Tribute by Nelson Mandela to Chief Luthuli on the 40th anniversary of his death

June 2007

We stand today on the shoulders of such giants

Chief Luthuli

It is with sadness that we remember the passing of our late president, Chief Albert Luthuli, forty years ago. He was one of the greatest leaders of our freedom struggle – a giant amongst leaders. We worked together in the ANC, we were accused together in the Treason Trial, we were detained together, and he gave evidence for the accused in the Rivonia Trial. We miss him.

I have spoken often, and written, about my relationship with Chief Luthuli. Here I recall just a few key moments to illuminate what was an outstanding life by any standards.

Chief Luthuli was testifying in the Treason Trial on 21 March 1960 when the Sharpeville massacre shattered our country, changing it forever. Shortly afterwards he was one of the leaders to publicly burn his pass, never to carry it again.

In the State of Emergency that followed Sharpeville, Chief Luthuli was amongst the thousands of comrades detained by police. When we learned that he had been assaulted, it was hard for us to take. A man of immense dignity and achievement, a lifelong Christian and a man with a dangerous heart condition, was treated like a barnyard animal by men who were not fit to tie his shoes.

I also had the privilege, on many occasions, to go to Groutville in KwaZulu-Natal to consult with the Chief after he was banned, including to report to him on the progress of our efforts to set up Umkhonto weSizwe.

Despite the regime’s efforts to silence him, the Luthuli name became a colossal symbol of peace and unity, far beyond the horizons of Groutville and even the borders of South Africa. We stand today on the shoulders of such giants.
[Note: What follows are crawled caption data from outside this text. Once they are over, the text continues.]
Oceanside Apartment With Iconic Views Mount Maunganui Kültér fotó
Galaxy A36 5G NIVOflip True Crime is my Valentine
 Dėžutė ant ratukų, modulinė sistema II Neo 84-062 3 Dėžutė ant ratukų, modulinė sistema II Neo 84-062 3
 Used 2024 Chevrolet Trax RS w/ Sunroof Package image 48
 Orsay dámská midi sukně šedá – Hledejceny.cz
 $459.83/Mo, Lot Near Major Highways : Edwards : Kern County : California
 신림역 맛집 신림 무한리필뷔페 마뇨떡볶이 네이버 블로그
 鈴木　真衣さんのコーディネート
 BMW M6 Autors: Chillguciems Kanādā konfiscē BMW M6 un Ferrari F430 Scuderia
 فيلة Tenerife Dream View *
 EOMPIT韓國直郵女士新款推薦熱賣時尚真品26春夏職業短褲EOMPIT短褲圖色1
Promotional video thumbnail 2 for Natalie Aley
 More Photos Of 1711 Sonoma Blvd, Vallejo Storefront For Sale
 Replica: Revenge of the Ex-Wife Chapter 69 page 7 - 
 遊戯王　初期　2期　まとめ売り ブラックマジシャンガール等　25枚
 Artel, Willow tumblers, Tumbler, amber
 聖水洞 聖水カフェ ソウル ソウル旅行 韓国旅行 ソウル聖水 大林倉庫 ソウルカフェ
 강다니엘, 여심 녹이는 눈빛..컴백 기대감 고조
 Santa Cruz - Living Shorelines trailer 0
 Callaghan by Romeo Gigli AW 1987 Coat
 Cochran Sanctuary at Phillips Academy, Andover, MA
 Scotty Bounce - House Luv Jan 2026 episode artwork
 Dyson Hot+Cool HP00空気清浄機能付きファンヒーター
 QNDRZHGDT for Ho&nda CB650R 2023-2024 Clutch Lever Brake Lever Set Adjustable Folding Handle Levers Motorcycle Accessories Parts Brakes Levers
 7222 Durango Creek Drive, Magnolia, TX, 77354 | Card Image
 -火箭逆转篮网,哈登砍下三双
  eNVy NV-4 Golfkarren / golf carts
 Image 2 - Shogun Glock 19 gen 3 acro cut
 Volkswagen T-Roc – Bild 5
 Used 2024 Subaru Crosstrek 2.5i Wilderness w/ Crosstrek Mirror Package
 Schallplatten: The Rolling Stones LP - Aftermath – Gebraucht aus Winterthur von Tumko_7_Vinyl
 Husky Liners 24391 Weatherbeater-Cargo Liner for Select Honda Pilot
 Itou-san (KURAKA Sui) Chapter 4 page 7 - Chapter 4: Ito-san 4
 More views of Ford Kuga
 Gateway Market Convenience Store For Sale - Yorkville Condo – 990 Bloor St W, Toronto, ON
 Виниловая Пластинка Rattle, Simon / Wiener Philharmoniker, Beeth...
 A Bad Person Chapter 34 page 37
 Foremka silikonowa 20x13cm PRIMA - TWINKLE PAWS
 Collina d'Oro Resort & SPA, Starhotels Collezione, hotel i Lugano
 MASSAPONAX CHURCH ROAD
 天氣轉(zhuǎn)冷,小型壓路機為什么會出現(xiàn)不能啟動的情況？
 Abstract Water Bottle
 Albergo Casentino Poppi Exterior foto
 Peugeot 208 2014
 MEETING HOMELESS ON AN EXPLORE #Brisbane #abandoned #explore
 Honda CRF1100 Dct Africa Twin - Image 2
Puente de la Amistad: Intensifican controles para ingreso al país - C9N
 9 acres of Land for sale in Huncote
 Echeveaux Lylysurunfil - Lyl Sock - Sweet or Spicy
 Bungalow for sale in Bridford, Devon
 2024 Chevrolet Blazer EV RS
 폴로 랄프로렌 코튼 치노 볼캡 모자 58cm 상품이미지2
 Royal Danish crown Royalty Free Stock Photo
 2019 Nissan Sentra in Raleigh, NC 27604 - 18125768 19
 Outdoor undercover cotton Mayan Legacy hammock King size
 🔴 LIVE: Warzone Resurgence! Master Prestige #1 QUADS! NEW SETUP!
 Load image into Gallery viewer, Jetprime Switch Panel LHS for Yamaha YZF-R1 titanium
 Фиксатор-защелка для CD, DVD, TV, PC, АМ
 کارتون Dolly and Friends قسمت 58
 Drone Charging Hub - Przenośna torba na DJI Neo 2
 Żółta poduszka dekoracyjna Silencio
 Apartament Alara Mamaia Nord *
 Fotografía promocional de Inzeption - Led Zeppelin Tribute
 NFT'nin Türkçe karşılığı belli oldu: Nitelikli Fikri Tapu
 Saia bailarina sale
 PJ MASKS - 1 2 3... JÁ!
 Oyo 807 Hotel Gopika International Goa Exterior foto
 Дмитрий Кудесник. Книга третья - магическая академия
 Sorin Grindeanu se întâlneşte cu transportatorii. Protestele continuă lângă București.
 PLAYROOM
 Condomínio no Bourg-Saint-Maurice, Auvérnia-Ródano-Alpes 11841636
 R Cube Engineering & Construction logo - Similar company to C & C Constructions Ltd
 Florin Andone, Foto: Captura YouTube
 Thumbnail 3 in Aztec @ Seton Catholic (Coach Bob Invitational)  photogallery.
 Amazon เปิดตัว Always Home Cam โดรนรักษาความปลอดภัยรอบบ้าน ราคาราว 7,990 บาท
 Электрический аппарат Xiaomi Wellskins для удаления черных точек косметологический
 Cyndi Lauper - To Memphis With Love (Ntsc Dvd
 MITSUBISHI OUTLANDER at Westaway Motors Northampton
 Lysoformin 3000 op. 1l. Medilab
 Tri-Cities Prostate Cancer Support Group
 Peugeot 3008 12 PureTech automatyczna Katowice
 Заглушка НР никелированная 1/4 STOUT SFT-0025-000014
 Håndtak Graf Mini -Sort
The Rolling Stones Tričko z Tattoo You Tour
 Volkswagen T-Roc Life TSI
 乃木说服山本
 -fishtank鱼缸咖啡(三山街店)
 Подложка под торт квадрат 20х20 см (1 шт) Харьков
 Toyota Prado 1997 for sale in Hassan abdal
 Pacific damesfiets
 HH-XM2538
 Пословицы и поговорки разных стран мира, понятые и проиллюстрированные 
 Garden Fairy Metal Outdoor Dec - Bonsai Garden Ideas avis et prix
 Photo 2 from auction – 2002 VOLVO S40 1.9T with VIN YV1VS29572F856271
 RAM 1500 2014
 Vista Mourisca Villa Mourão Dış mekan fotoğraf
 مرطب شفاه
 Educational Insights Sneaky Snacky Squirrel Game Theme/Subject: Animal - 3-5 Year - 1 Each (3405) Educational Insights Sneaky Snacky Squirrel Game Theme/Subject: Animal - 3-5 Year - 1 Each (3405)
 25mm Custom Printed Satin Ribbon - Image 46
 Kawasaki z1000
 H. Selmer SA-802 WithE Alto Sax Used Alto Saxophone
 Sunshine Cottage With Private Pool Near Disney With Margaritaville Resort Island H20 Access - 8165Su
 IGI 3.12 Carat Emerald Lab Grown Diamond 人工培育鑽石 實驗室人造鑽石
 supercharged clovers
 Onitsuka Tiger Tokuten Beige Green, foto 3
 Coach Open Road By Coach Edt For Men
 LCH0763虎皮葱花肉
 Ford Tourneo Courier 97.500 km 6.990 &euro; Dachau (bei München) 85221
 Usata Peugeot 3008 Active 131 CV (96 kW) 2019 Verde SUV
The Chief chose a life of hardship and persecution when he demanded ‘Let my people go!’ In doing so he taught us a very important lesson – that real leaders must be prepared to sacrifice all for the freedom of their people.

His leadership was not only valued at home. It was also noticed internationally and was recognized when the Nobel Committee chose him as the first African to be awarded the Nobel Prize for Peace.

We remember the words of his Nobel acceptance speech on 11 December 1961: “Our vision has always been that of a non-racial democratic South Africa which upholds the rights of all who live in our country to remain there as full citizens with equal rights and responsibilities with all others. For the consummation of this ideal we have laboured unflinchingly. We shall continue to labour unflinchingly.”

It is in his memory and that of the thousands of other comrades who sacrificed so much for our freedom that we continue to labour for the growth of our democracy.